Her father, the Irish musician, author and activist, Bob Geldof, issued a statement earlier this evening: “Peaches has died. We are beyond pain. She was the wildest, funniest, cleverest, wittiest and the most bonkers of us all. Writing ‘was’ destroys me afresh. What a beautiful child. How is this possible that we will not see her again. How is that bearable?
"We loved her and will cherish her forever. How sad that sentence is. Tom and her sons Astala and Phaedra will always belong in our family, fractured so often, but never broken.

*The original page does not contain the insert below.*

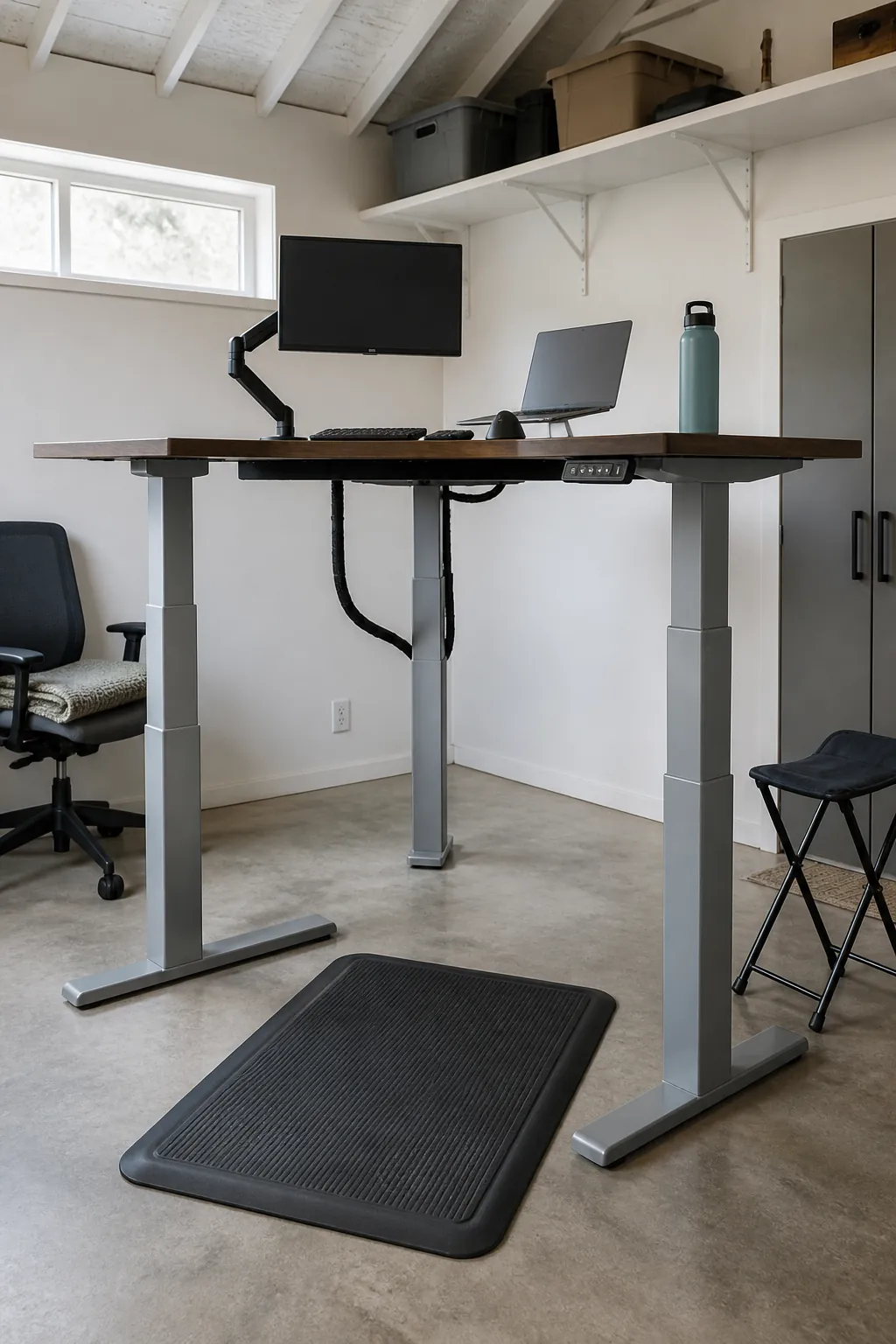 Height adjustable L shaped corner desk setup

Bob, Jeanne, Fifi, Pixie and Tiger Geldof. "
Ms Geldof was both precocious and prodigious in equal measure, setting out on a media career aged just 15 with a column in Elle magazine before contributing to the Guardian and the Telegraph . Tabloids, broadsheets and celebrity magazines alike were fascinated by her, especially given the tragic circumstances around her own upbringing.
Her mother, Paula Yates, was found dead aged 41 from a heroin overdose when Peaches was just 11. Pitched by the press to follow in her mother’s footsteps as a compelling television presenter, she became something of a divisive media figure, ridiculed by some for her a la carte intellectualism, and often dismissively filed under ‘famous for being famous’.
But she was also a fine writer, and the author of the much discussed ‘Teenage Mind’ documentary for Sky One when she was just 16, and a follow up ‘Teen America’ a year later.
Ms Geldof had a habit of rubbing interviewers up the wrong way though, especially in the run up to the launch of her Disappear Here magazine, the process of which was also the subject of an MTV documentary.
Yet, frequently, it seemed as though many of the architects of such ridicule didn’t pause to remember that, despite her brassiness, Peaches was still just a youngster. In 2011, she hosted a ITV2 chat show, ‘OMG! With Peaches Geldof’ which tried and failed to capture a zany version of the zeitgeist.
She moved to Brooklyn with her first husband, musician Max Drummey, whom she married in 2008 in traditional rock and roll style at the Little White Wedding Chapel in Las Vegas.
In 2009, she courted controversy in an ITV documentary presented by Fearne Cotton — ‘When Fearne Met Peaches’ — by alluding to being a Scientologist. She married Mr Cohen in 2012. He was the lead singer of the avant garde post-rock group S.C.U.M until the band’s split last year, and has since released solo material. Mr Cohen issued a statement this evening saying: “My beloved wife Peaches was adored by myself and her two sons Astala and Phaedra and I shall bring them up with their mother in their hearts every day. We shall love her forever.”
Unsurprisingly, given her profile, Geldof moved in celebrity circles, and was perhaps most identifiable by endless paparazzi photos of her coming out of some club or another in her late teens and early twenties. Rumours of drug taking occasionally surfaced in the gossip pages of tabloids, and Geldof herself brushed them aside.
In an interview with the Observer in 2009 she said: "Yeah, I've taken drugs. Yes, I have had experiences, and a few of those experiences were unsavoury, not ones I want to repeat, but I was growing up. I wanted the experience."
An occasional model, she was dropped as the face of Miss Ultimo underwear collection in 2010 following allegations of drug taking which her lawyer vehemently denied. Her Instagram account offered a much calmer insight though, with frequently updated photos and videos of her family life, which any young mother could identify with. Her most recent update on Sunday was a short video of one of her sons holding a toothbrush.
Her final tweet was a link to a photo of herself as a baby in the arms of her late mother. Some things are prophetic, others just tragic.